Fee increases can be done legislatively, without a vote of the people, something required for tax hikes. Ritter backs the registration fee hike recommended by his Blue Ribbon Commission on Transportation, but ruled out a ballot question for a tax increase because he doesn’t believe officials have made a strong enough case to take to the voters.

It seems as though the governor was looking for an excuse to derail a transportation tax ballot issue because it would compete with the more glamorous education or health care measures. Especially in Democratic circles, education and health care have much more cachet and so are more popular. No one wants his legacy to be “the highway governor,” especially if he could be “the education governor” or “the health care governor.” But there are a few problems with the Ritter’s approach to these three issues.

Colorado is in desperate need of new highway lanes. Perhaps even more pressing is the need to replace or maintain current highways and bridges, especially in rural areas of the state. And everyone uses state roads and highways, so we all have a stake in them. If the shakers and movers in Denver can’t make a case for a tax hike for roads, they probably should be in a different line of work; even in a shaky economy, it shouldn’t be a very tough sell.

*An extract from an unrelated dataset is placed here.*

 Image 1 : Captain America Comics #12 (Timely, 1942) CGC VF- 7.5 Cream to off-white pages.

Officials have estimated it would take $500 million just to maintain our current roads and bridges. The hike in registration fees Ritter seems to be backing would generate about that much money. So his solution is to maintain the status quo, not improve the state’s transportation infrastructure.

Switching from practical to principled arguments, of the big three issues competing for Ritter’s support, education and health care are not really government’s business; transportation is. Proponents for more government involvement in education and health care like to point out that the free market doesn’t work in those areas. Actually, it does, it just doesn’t work in ways those folks like. The market allocates limited resources to the places consumers deem them most needed.

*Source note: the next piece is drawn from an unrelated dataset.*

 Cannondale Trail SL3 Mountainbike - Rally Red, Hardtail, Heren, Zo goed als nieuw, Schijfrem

If there are some left out by the market, private organizations exist to step in and fill the breach. The recently ended and highly successful Gazette Empty Stocking Fund campaign is a wonderful example of private citizens working together to provide a helping hand to those who need it. And many times private charities are able to respond quickly when needs arise, something government is not noted for.

Henry David Thoreau wrote, “Government never furthered any enterprise but by the alacrity with which it got out of its way.” Ideally, that would be government’s plan for education and health care. If that were the case, there would be no need for a tax or fee increase to pay for transportation.

A weighty decision

We often read and hear reports about the epidemic of obesity in the United States. Recent news has noted that it’s spreading to children, leading to spikes in the rates of obesity-related health problems such as Type 2 diabetes. Government agencies have begun addressing this issue by banning or limiting the sale of candy and sugary drinks in schools and forcing restaurants to stop using trans fats in their products. The only way to get results on a problem this big is government action, right? Wrong.

Local entrepreneur Steve Bigari is taking on childhood obesity by attacking it where kids play. The co-owner of Mr. Bigg’s Family Fun Center is doing away with the center’s successful and popular all-you-can-eat pizza buffet and replacing it with healthier alternatives. Not to worry, kids; according to a report in Thursday’s Gazette, you’ll still be able to get pizza, but it will be sold by the slice.

In addition to the demise of the pizza buffet, Mr. Biggs will offer smaller portions of the perennial kid favorite, frenchfries. And patrons can pair those fries with turkey burgers or panini sandwiches.

Who says the market doesn’t respond to societal issues? Bigari shows that entrepreneurs are able to indentify a problem and take action to solve it. Nice work, Steve. We need more people like you.